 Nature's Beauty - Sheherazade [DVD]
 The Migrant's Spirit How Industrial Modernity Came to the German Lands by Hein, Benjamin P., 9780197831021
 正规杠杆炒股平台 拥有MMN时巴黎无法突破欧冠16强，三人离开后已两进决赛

--

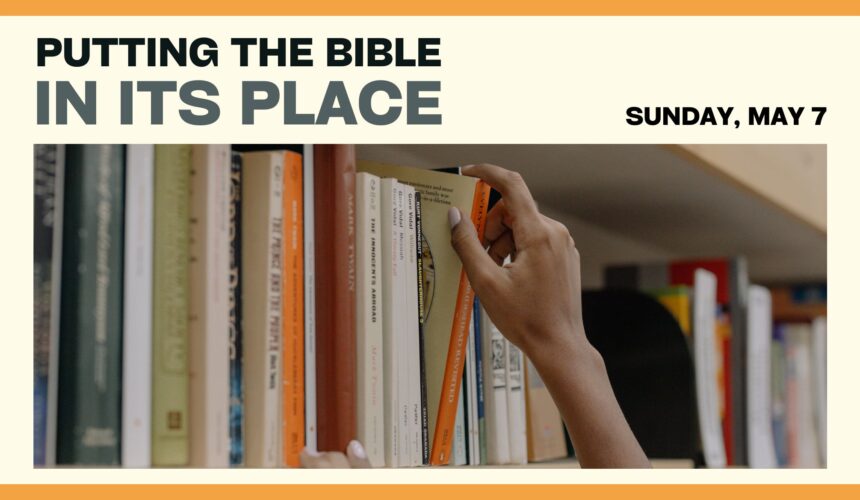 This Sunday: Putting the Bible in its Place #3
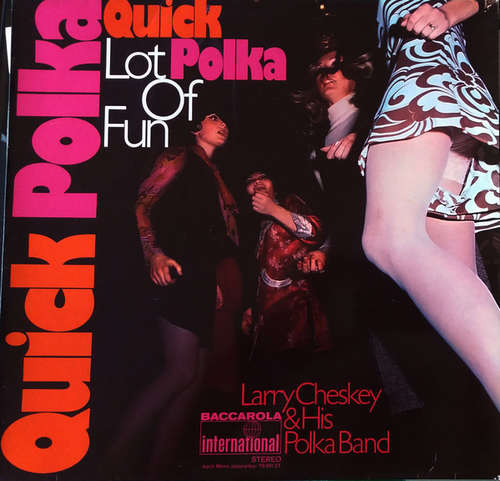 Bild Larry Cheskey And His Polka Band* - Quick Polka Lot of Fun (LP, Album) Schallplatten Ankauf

● **Task item**
In the listing above, find the line with "Nature's Beauty - Sheherazade [DVD]" and the line with "正规杠杆炒股平台 拥有MMN时巴黎无法突破欧冠16强，三人离开后已两进决赛"; set down exactly those two lines and every line between them, nothing more.

● **Result**
 Nature's Beauty - Sheherazade [DVD]
 The Migrant's Spirit How Industrial Modernity Came to the German Lands by Hein, Benjamin P., 9780197831021
 正规杠杆炒股平台 拥有MMN时巴黎无法突破欧冠16强，三人离开后已两进决赛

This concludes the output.